The following Microsoft scopes are required across connectors that use Microsoft authentication. These scopes ensure secure access, profile verification, dataset creation, and OneDrive integration.

• General Mandatory Scopes

  • User.Read – Identifies and validates the signed-in user and provides basic profile information.
  • offline_access – Provides refresh tokens so authentication persists without repeated sign-ins.

• Minimum Scope required for Dataset creation.

  • Files.Read.All

Permissions and Access

Application-Level Permissions for Service Principal

When using the Personal Service Principal flow, the following application-level (app-only) permissions must be granted to your Azure AD app registration. These permissions require admin consent:

Permission	Description	Required
Files.Read.All	Read all files in all site collections	Yes
User.Read.All	Read all users' full profiles (needed to access user drives via /users/{id} endpoint)	Yes
SensitivityLabels.Read.All	Read sensitivity labels and their policy settings	Optional (required for sensitivity label filtering)

tip

To grant these permissions:

1. Go to the Azure Portal → App registrations → Select your app → API permissions.
2. Click Add a permission → Microsoft Graph → Application permissions.
3. Search for and add each permission listed above.
4. Click Grant admin consent to activate the permissions.

Application-Level Permissions (OAuth Flow)

When setting up the connector with OAuth, the following application-level permissions are requested: (Please grant admin consent to the application to grant application-level permissions)

• Files.Read.All: Read files in all site collections
• SensitivityLabels.Read.All: Read sensitivity labels and their policy settings

Delegated Permissions

The following delegated permissions are also requested for OAuth and Custom OAuth flows:

• Files.Read: Read user files
• Files.Read.All: Read all files that user can access
• Files.ReadWrite.All: Have full access to all files user can access
• offline_access: Maintain access to data you have given it access to
• openid: Sign users in
• profile: View users' basic profile
• SensitivityLabel.Read: Read the user's sensitivity labels
• User.Read: Sign in and read user profile

These permissions allow the connector to pull necessary data.

---

How to Use the OneDrive Connector

Once the OneDrive connector is set up, you can fetch documents to train models in Abacus.AI.

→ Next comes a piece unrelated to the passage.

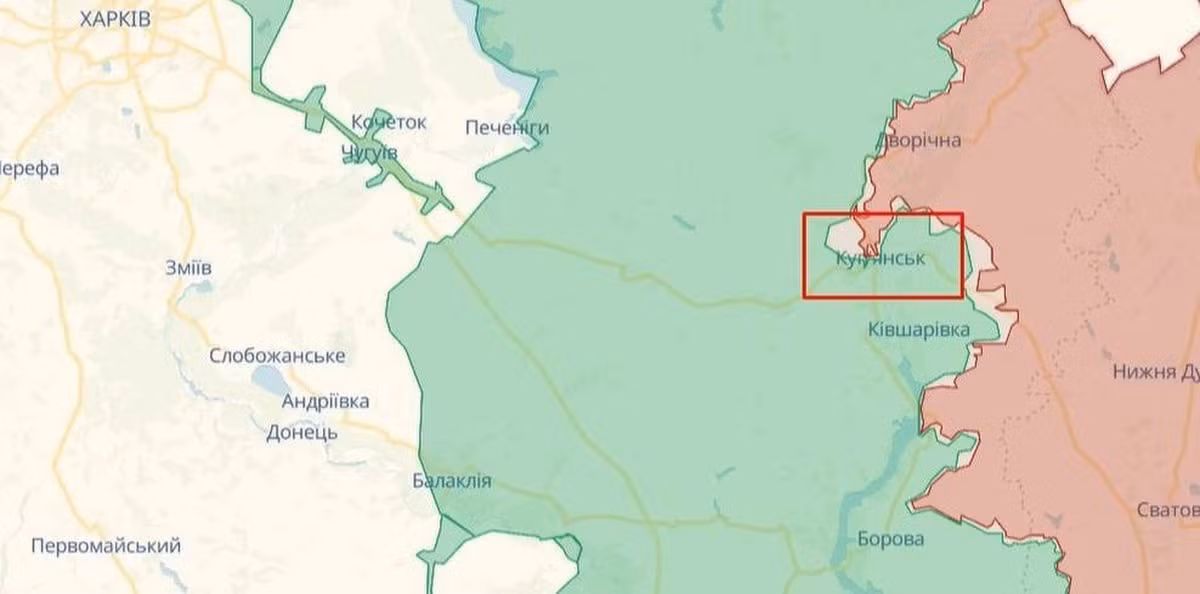 Mặc dù AFU chưa đạt được thành công đáng kể nào trong khu vực này, nhưng báo cáo về việc kiểm soát Kupyansk dường như “còn hơi sớm”. RFAF hiện đang tiếp tục tấn công quân Ukraine đồn trú, bằng cuộc tiến công vào khu vực Kurilovka, gây khó khăn đáng kể cho tiếp tế hậu cần của đối phương.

1. Create a new project and select the use case, then go to the "Datasets" tab and click "Create Dataset".
2. Name the dataset, choose "Type of Data: Document folder or archive (containing images, PDFs, audio files etc.)", then click "Continue".
3. Choose "Read from External Service" and select your OneDrive connector under "Application Connectors".

4. Click on "Browse" for the file location after selecting the OneDrive connector tile. This will open the application browser for the files of the user whose OneDrive account was used to set up the connector has access to.
5. You can select multiple documents or folders containing documents. Note that:
   • The documents and folders must be at the same level. If you move into a nested/subfolder, the documents you selected at the higher level will not be chosen.
   • You can choose folders that contain documents, and those documents will be read in.
6. After selecting the file(s), click on "Select" and then "Add Dataset" (unless you want to perform Document Processing Config advanced options).
7. Once the dataset is uploaded, configure the schema mapping and train models with the data.